[Given material Boundary: Start]

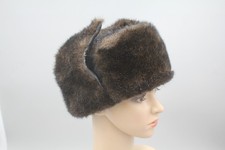 Brown Faux Fur Ushanka Trapper Hat Winter Ear Flap Russian Army Cap OSFM Unisex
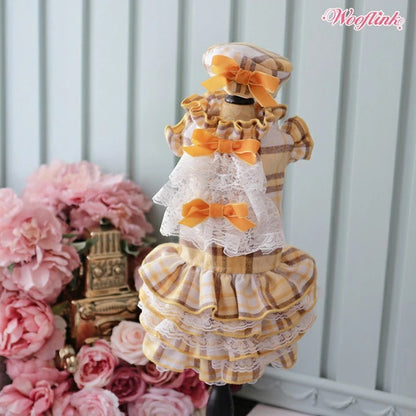 ウーフリンク WOOFLINK VINTAGE ATELIER DRESS【犬服 犬用 ワンピース ドレス スカート セレブ】
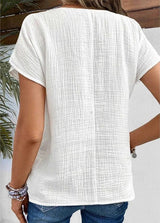 Aswen | Women's Relaxed Fit Button-Down Summer Blouse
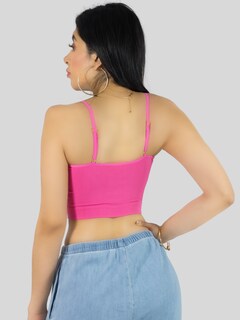Foto 3 | Foto 3 | Set De 3 Crop Top De Mujer Top-07-px3 Gris, Rojo Y Rosa  Deportivo O Casual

[Given material Boundary: End]

What you have to do: What you return should be the whole listing, word for word, without its pictures.

Result of this task:
 Brown Faux Fur Ushanka Trapper Hat Winter Ear Flap Russian Army Cap OSFM Unisex
 ウーフリンク WOOFLINK VINTAGE ATELIER DRESS【犬服 犬用 ワンピース ドレス スカート セレブ】
 Aswen | Women's Relaxed Fit Button-Down Summer Blouse
Foto 3 | Foto 3 | Set De 3 Crop Top De Mujer Top-07-px3 Gris, Rojo Y Rosa  Deportivo O Casual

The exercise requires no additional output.